Halliburton jumps as Q1 EPS tops estimates; Latin America strength offsets regional disruptions
Halliburton shares are rising after a Q1 2026 earnings beat, posting EPS of $0.55 on $5.4B in revenue versus expectations near $0.50 and $5.31B. Strength in Latin America and Europe/Africa and upbeat commentary on an early North America recovery are supporting the stock.
1. What’s moving the stock
Halliburton is trading higher as investors react to a better-than-expected first-quarter print and a more constructive tone on near-term activity. The company reported first-quarter 2026 net income of $461 million, or $0.55 per diluted share, on revenue of $5.4 billion, a combination that came in ahead of widely followed expectations around $0.50 EPS and roughly $5.31 billion in revenue.
2. Key takeaways from the quarter
The quarter showed a clear regional split: Latin America revenue rose 22% year over year to $1.1 billion and Europe/Africa revenue increased 11% to $858 million, helping offset weaker results elsewhere. Middle East/Asia revenue fell 13% year over year to $1.3 billion, and North America revenue declined 4% to $2.1 billion, with the company also flagging that Middle East geopolitical conflict weighed on results by about 2–3 cents per diluted share.

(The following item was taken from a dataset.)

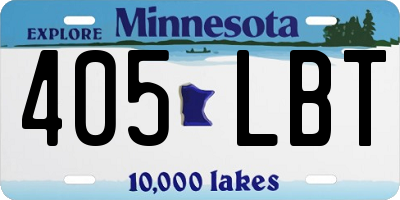 MN license plate 405LBT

3. Cash flow and capital returns in focus
Alongside the earnings beat, investors are also digesting Halliburton’s shareholder-return activity and cash generation. The company reported $273 million of cash flow from operations and $123 million of free cash flow in the quarter, and said it repurchased about $100 million of stock while paying a $0.17 per share dividend.
4. What to watch next
The durability of the move will likely depend on whether improving signals in North America translate into stronger stimulation and completion activity in coming quarters, and whether international momentum—particularly in Latin America—continues to offset softness and disruptions in the Middle East. Any incremental analyst upgrades or target increases following the quarter could add support if they reinforce the view that earnings are stabilizing into the second quarter.